WORK ITEM:
Count the lines below that hold "blue". Give the number without comment.

DATA UNDER STUDY:
_ _ _

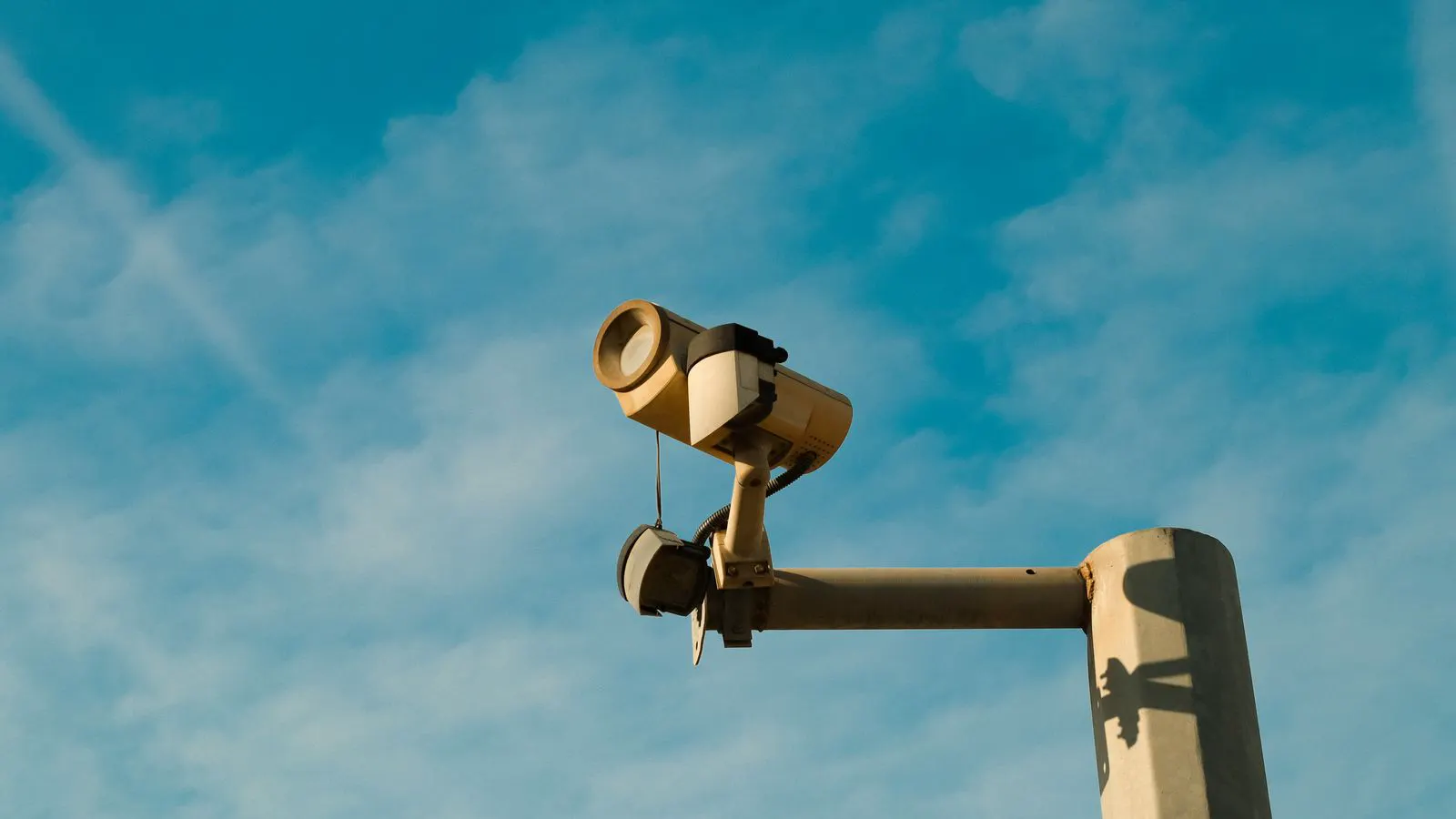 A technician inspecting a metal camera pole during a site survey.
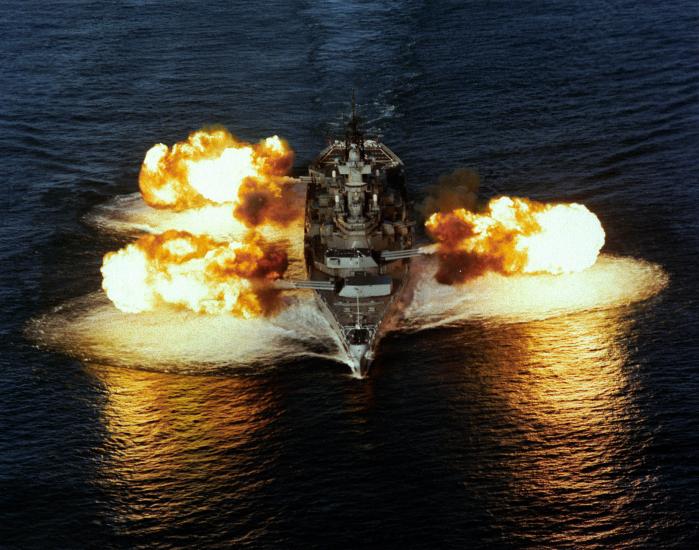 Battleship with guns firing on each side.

_ _ _

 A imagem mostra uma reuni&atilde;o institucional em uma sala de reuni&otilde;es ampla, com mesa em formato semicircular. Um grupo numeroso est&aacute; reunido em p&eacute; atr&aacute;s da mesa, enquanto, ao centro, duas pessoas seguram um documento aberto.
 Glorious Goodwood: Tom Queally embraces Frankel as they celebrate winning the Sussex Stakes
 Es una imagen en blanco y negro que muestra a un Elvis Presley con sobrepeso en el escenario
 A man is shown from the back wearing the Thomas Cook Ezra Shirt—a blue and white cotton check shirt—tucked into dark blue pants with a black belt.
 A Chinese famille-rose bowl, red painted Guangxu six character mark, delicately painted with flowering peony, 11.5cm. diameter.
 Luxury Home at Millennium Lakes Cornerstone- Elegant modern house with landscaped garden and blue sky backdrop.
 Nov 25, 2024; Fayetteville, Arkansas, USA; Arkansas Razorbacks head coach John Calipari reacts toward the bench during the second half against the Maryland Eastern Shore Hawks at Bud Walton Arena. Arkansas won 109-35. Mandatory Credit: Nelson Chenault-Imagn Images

_ _ _

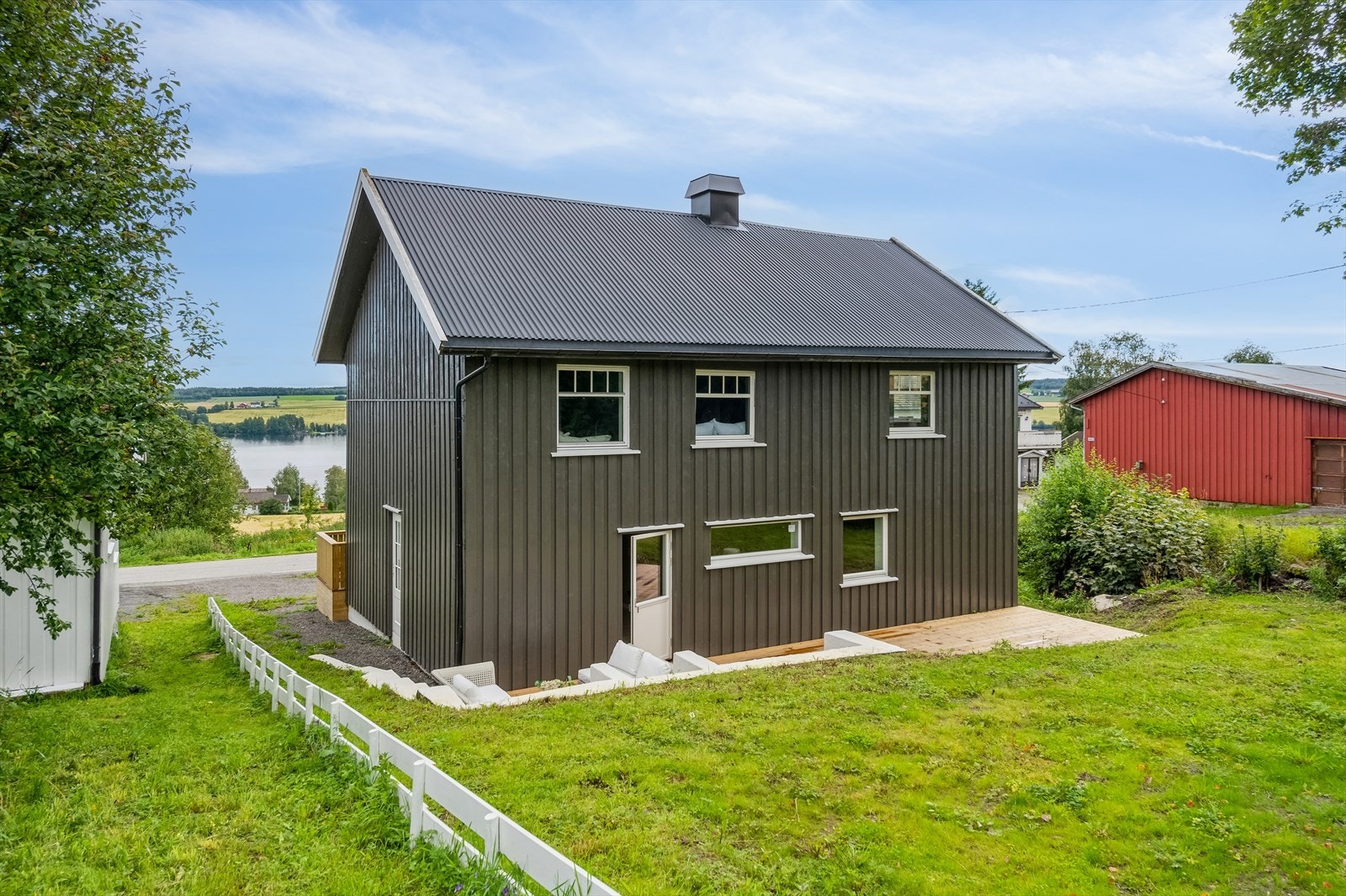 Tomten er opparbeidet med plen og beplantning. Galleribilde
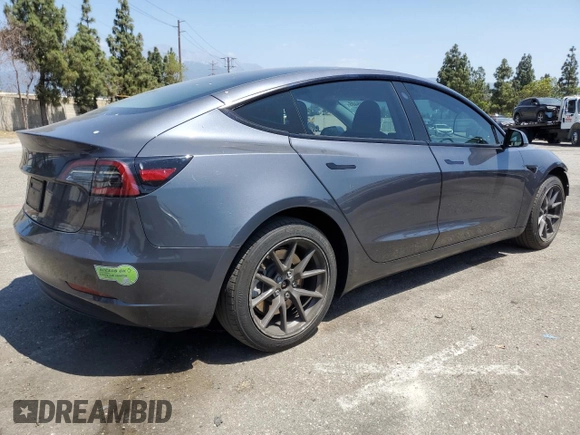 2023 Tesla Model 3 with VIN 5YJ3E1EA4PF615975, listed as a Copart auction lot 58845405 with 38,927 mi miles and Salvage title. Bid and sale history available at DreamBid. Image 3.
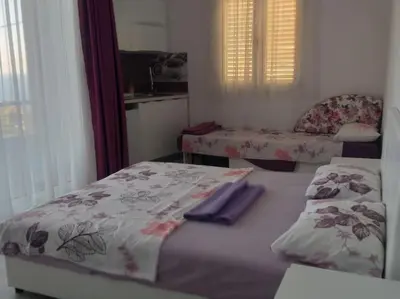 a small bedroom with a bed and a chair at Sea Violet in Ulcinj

_ _ _

OUTPUT OF THE EXERCISE:
2